Hartford Courant
Dave Altimari
A grainy photograph from 1964 shows a collar-wearing Rev. Daniel McSheffery receiving his badge from Hartford’s city manager and fire chief – the young priest towering over the city officials appointing him fire chaplain.
It was the beginning of the ascendancy of Hartford-born McSheffery: over the next eight years he became head administrator of the local Catholic school and the archdiocese’s first-ever pastor-associate. In time, he grew so close to city and state officials that in 1972 the city declared a “Daniel McSheffery Day.” More than 600 people turned out for a dinner honoring him at the Valle’s steakhouse where the keynote speaker was state Attorney General Robert Killian.

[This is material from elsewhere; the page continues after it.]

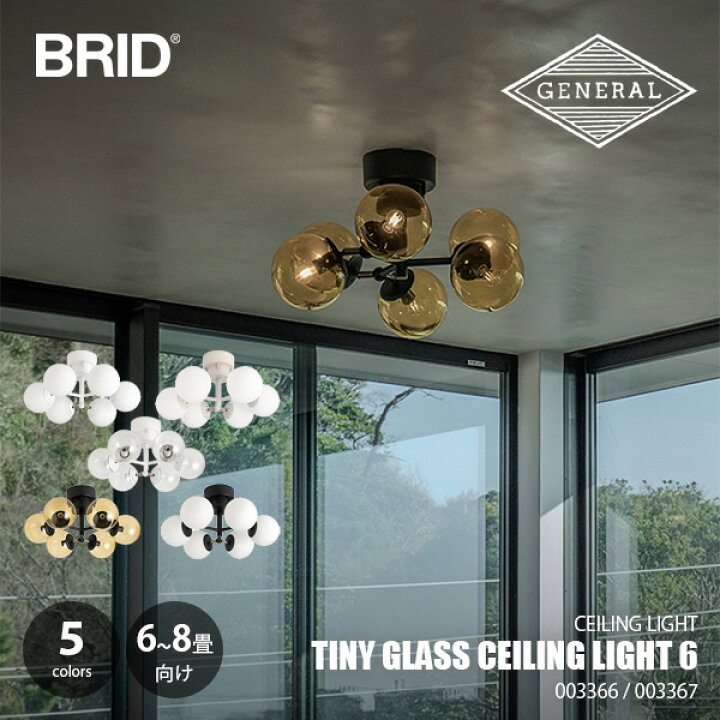 楽天市場】BRID ブリッド TINY GLASS CEILING LIGHT 6 タイニーグラス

But by 2005, McSheffery was sitting at a table in a nondescript Florida office, his eyes avoiding a video camera fixed on him. During that lawsuit deposition, he was confronted with a long list of individuals who accused the church’s former rising star of sexually assaulting them when they were children.
He was asked whether he had assaulted each accuser. Over 35 minutes, McSheffery declined to answer 56 times, citing his Fifth Amendment rights against answering even basic questions like where he was born. When attorney Joel Faxon asked him pointed questions about accusations of raping young boys in church rectories and school offices, McSheffery avoided eye contact, removed his glasses, rubbed his eyes and shrunk his 6-foot-4 body deeper into his chair.

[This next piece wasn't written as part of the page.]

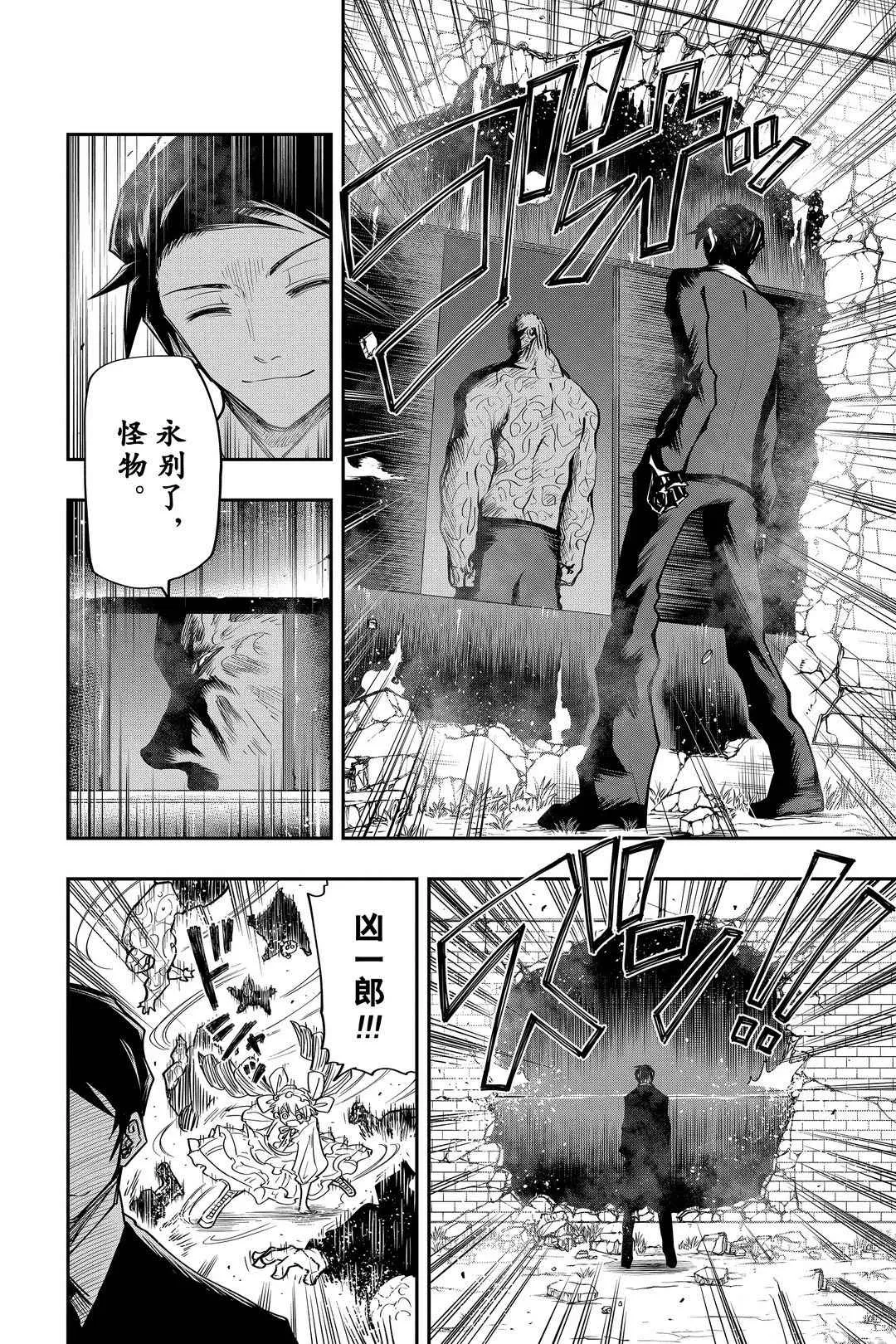 第47话 第10页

Last week the Archdiocese of Hartford released a list of priests who had been “credibly accused” of molesting children and revealed it had paid $50.6 million to settle lawsuits. It said there was one priest who had 20 claims settled against him for nearly $11 million.
While the archdiocese did not identify that priest, The Courant has determined through court records and interviews with attorneys that it is McSheffery. The 20 claims making him the second-most sued in Connecticut history, just shy of the 21 claims made against former priest Raymond Pcolka from the Bridgeport Diocese.

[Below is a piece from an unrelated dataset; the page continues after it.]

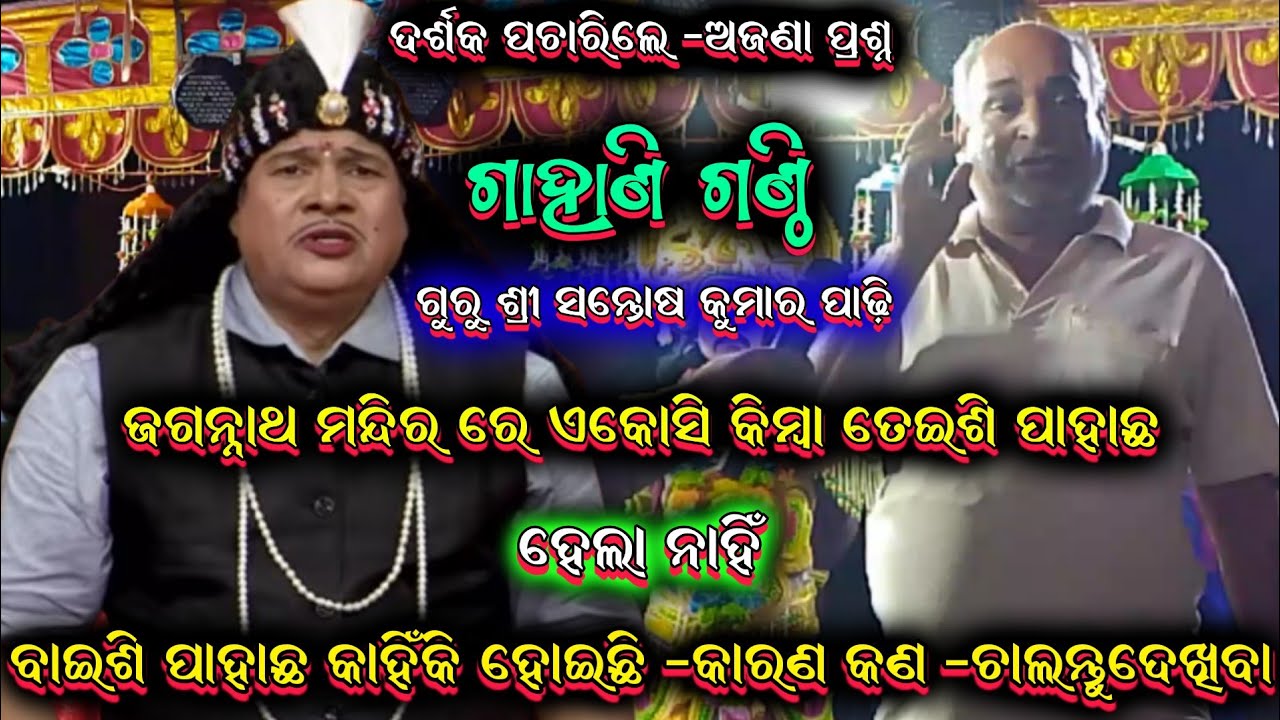 ଗାହାଣ ଗଣ୍ଠି ପ୍ରଶ୍ନ || Santosh padhi bharatlila odia bharatlila 9937631538 @shreekrushnamusic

When the lawsuits began piling up, the church removed McSheffery from ministry and he moved to Florida in 2002. Neither the Vatican nor the archdiocese, which declined to comment on McSheffery, took more drastic action against the priest. He was not laicized, which would have removed his status as a member of the clergy, or sentenced to a life a of “prayer and penance.” The distinction means the church continued paying McSheffery a stipend and health benefits.
McSheffery died in Florida in 2014, but he left a devastating legacy.
“He was probably the most cunning, deceitful, sickest, sociopathic monster ever to wear a Roman Catholic collar in Connecticut,” New Haven attorney Thomas McNamara said.